I’ll also plant violets as a fast-spreading native summer ground cover in a sunny border. It will replace the ubiquitous Vinca minor or myrtle, a slow growing, expensive evergreen furriner. Have you ever eaten fresh spring violet salad? We mix it with young dandelions from what remains of the lawn. The white Canadian violet and somewhat less hardy purple violet are both delectable and will grow in full sun or dappled shade if transplants from the woods are kept free of weeds for the first few years and fertilized each fall.
Please join us, then, in perpetuating, celebrating, and just plain enjoying our natural plant heritage by growing your place just a little bit wild.
You know that dragonflies are great biting-fly and mosquito-catchers. They’ll
naturally come to your pond to lay eggs that will hatch into voracious
aquatic larvae. The best way I know to attract them to open areas around
your house is to give them places to perch and lie in wait for a meal.
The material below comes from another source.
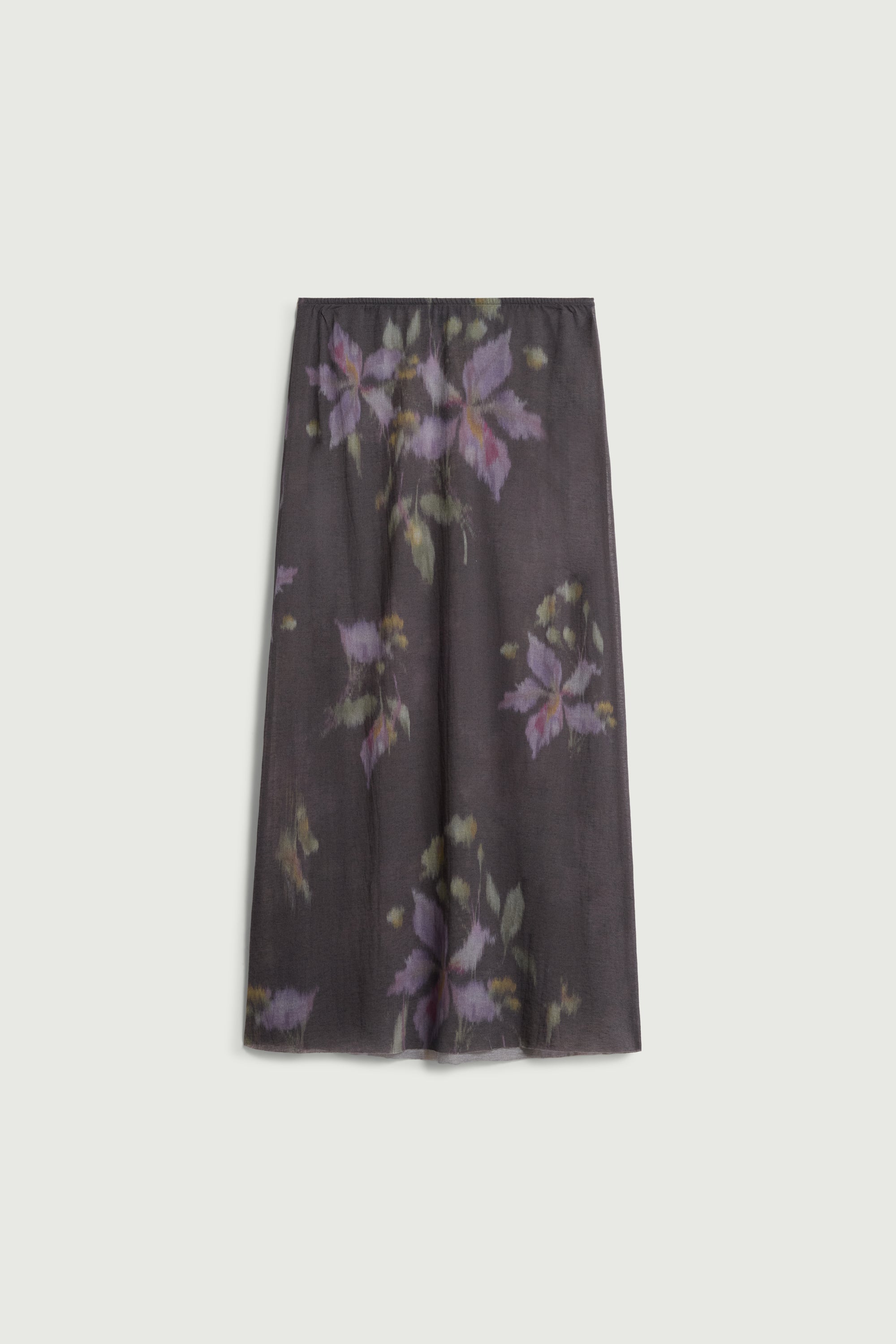 Skirt BAHIA Charcoal/Purple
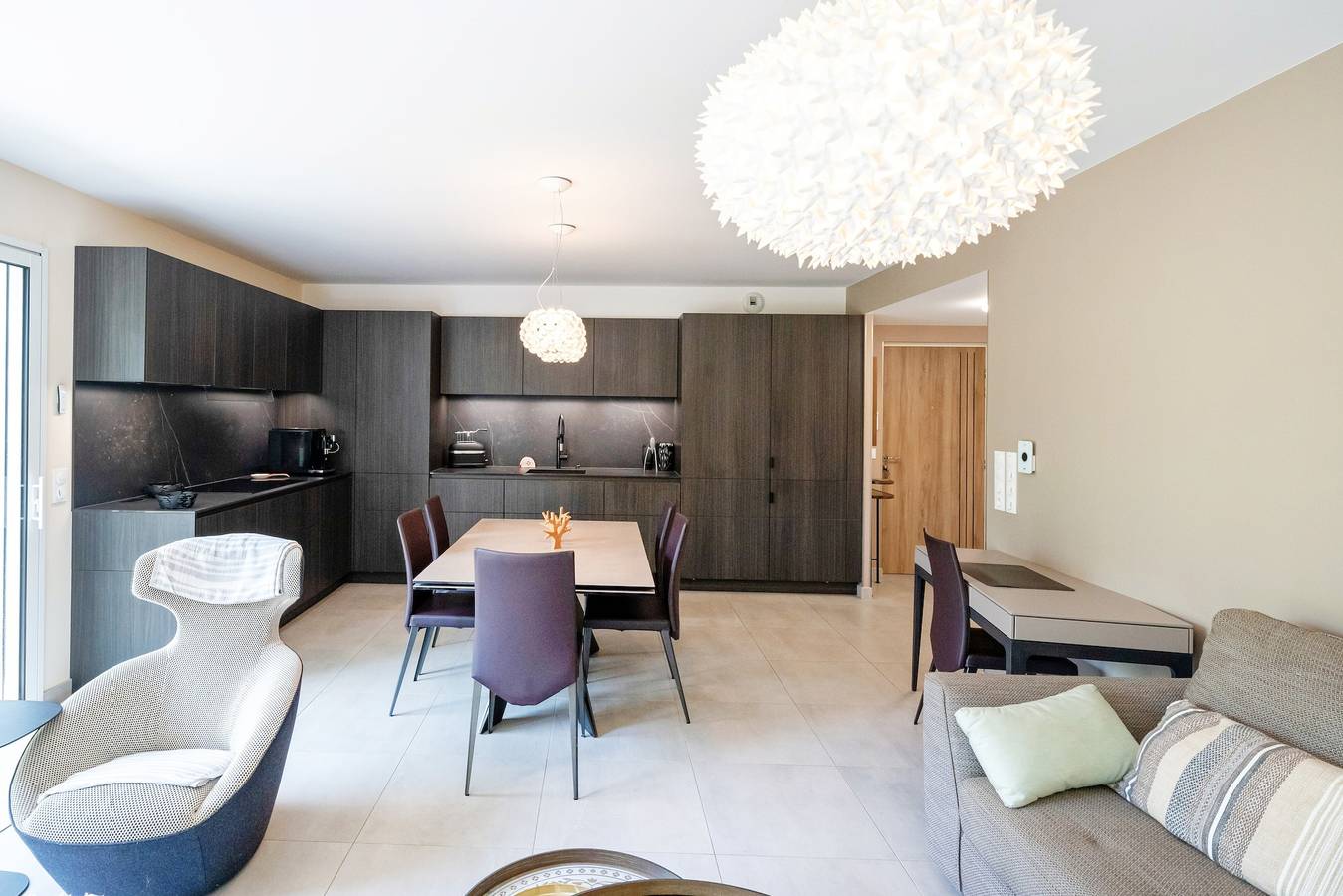 Apartamento entero, Apartamento «Lujoso con Jardín» con terraza compartida, Wi-Fi y aire acondicionado in Lago de Hossegor, Hossegor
This works even if the pond is still just a dream. At the margin of a
woods, shrub line, or flower bed, in full sun, place brush or small logs
so that two foot or longer lengths of bare stick run horizontally, a
foot off the ground, in an open, low, brushfree area. This is so the
insects’ wide, non-folding wings won’t get snagged as they buzz in and
out. Such perches are scarce in nature, and by late summer you’ll find
the winged marauders fghting one another for a landing spot.